── SOURCE MATERIAL
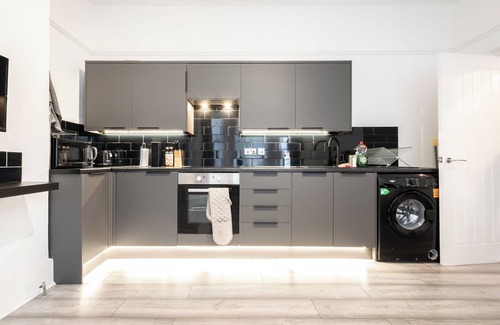 Portswood Apartment | Newly Renovated 2 Bed Ground Floor Apartment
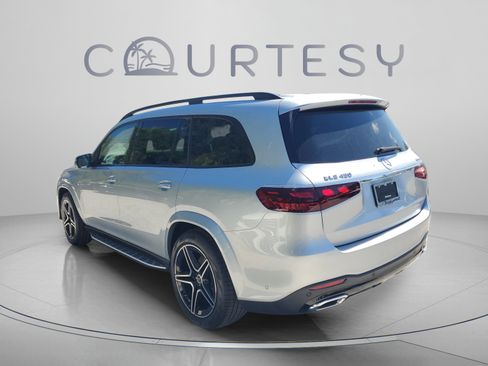 Certified 2026 Mercedes-Benz GLS 450 4MATIC image 3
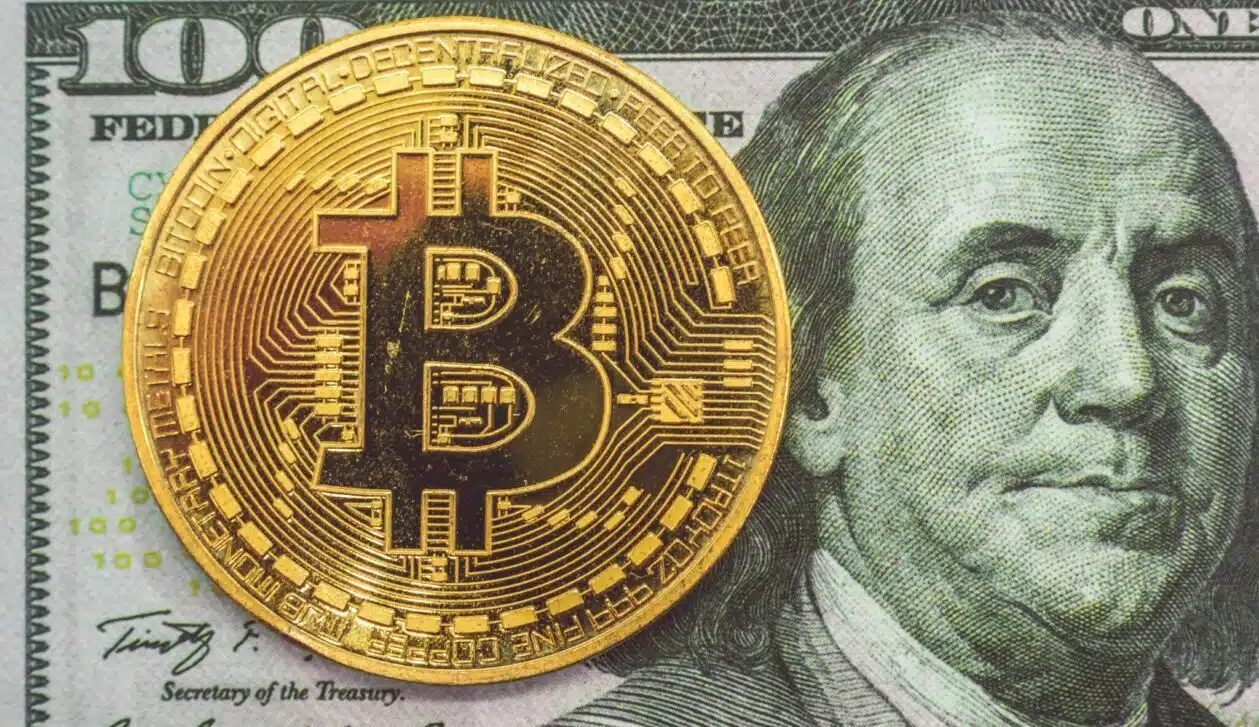 bermix-studio-aX1hN4uNd-I-unsplash-scaled-e1617884102155 ความสัมพันธ์ระหว่าง Bitcoin และค่าเงินดอลลาร์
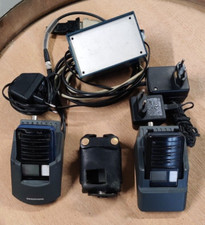 Swissphone Quattro 96 und Quattro XLS+ mit blauer LED und Programmieradapter FME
────
* [YOUR GOAL]
Reproduce the listing exactly. Do not include its images.

* [ANSWER TO THE EXERCISE]
 Portswood Apartment | Newly Renovated 2 Bed Ground Floor Apartment
 Certified 2026 Mercedes-Benz GLS 450 4MATIC image 3
 bermix-studio-aX1hN4uNd-I-unsplash-scaled-e1617884102155 ความสัมพันธ์ระหว่าง Bitcoin และค่าเงินดอลลาร์
 Swissphone Quattro 96 und Quattro XLS+ mit blauer LED und Programmieradapter FME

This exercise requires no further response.